EXERCISE INPUT section start

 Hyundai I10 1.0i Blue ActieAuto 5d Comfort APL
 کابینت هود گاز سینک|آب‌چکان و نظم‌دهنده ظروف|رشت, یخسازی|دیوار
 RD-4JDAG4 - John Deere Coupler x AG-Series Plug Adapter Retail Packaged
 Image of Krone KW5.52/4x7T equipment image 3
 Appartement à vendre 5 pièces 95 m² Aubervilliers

EXERCISE INPUT section end
EXERCISE INPUT section start

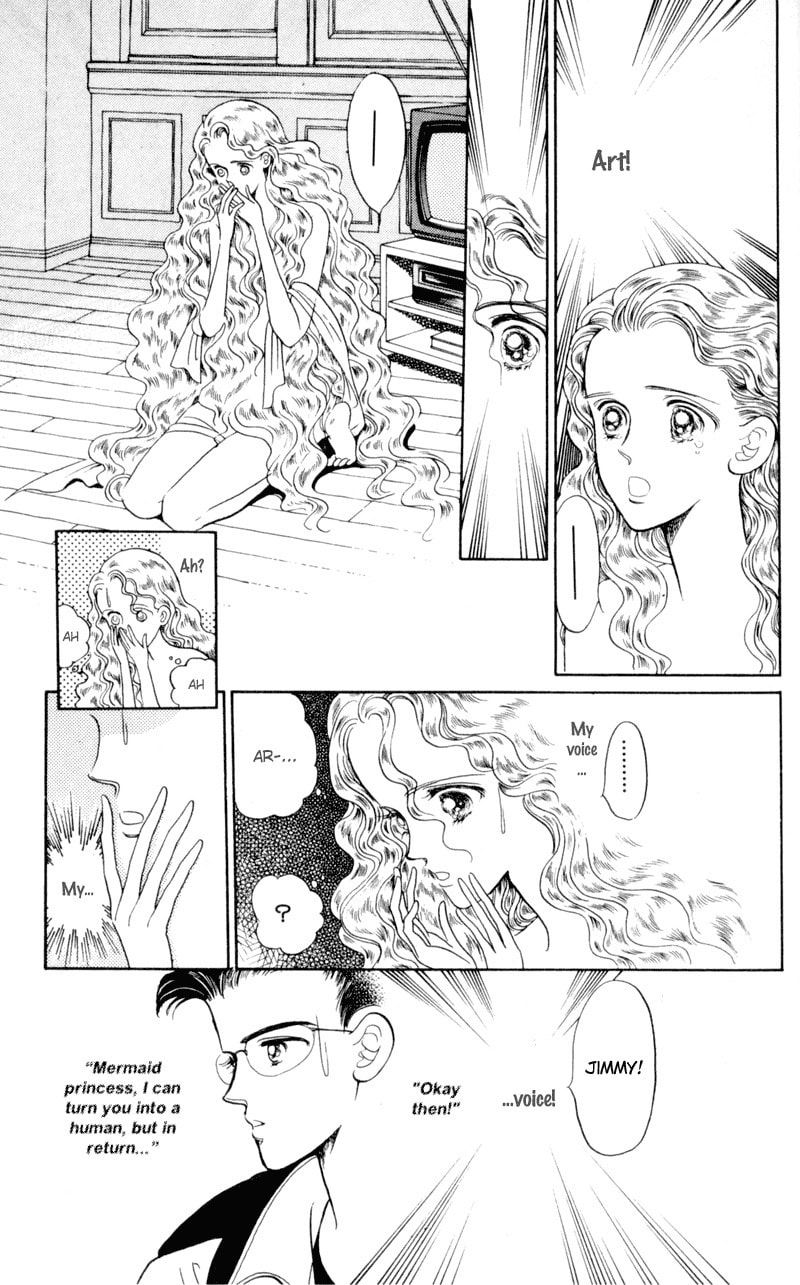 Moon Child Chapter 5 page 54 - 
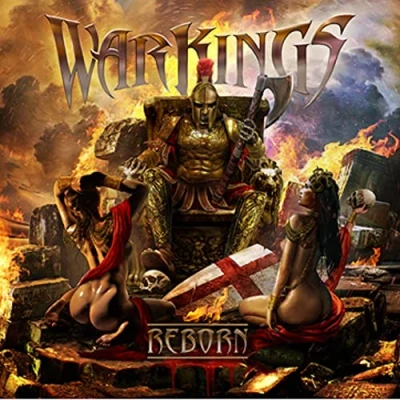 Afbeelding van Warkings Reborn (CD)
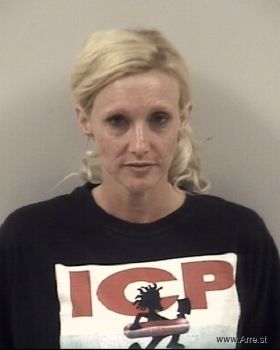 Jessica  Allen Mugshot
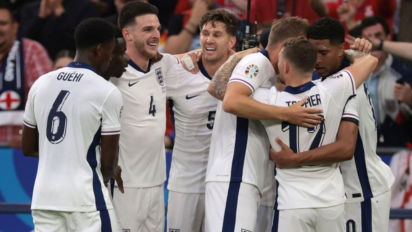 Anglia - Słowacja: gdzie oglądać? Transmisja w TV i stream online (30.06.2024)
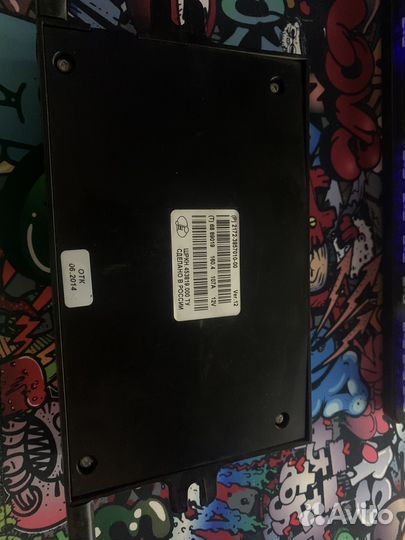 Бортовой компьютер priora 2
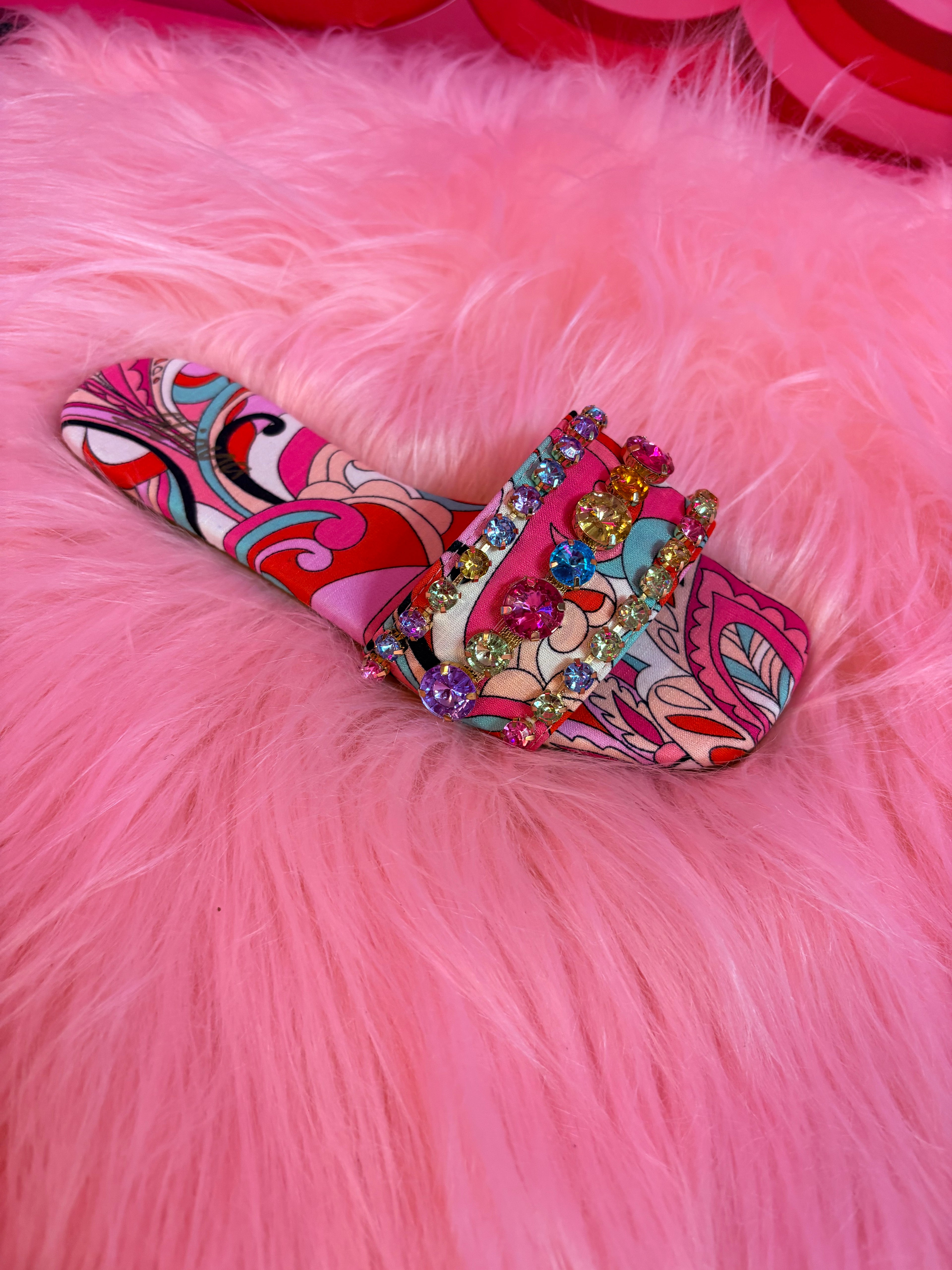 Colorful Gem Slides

EXERCISE INPUT section end
EXERCISE INPUT section start

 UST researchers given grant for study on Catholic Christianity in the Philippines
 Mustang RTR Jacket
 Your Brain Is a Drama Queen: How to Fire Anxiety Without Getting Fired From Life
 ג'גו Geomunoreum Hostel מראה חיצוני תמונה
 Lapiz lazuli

EXERCISE INPUT section end

__DIRECTIONS FOR THIS TASK__
Using the entries above, return exactly the lines from the line with "RD-4JDAG4 - John" to the line with "Appartement à vendre", counting both of those lines.

__FINISHED EXERCISE__
 RD-4JDAG4 - John Deere Coupler x AG-Series Plug Adapter Retail Packaged
 Image of Krone KW5.52/4x7T equipment image 3
 Appartement à vendre 5 pièces 95 m² Aubervilliers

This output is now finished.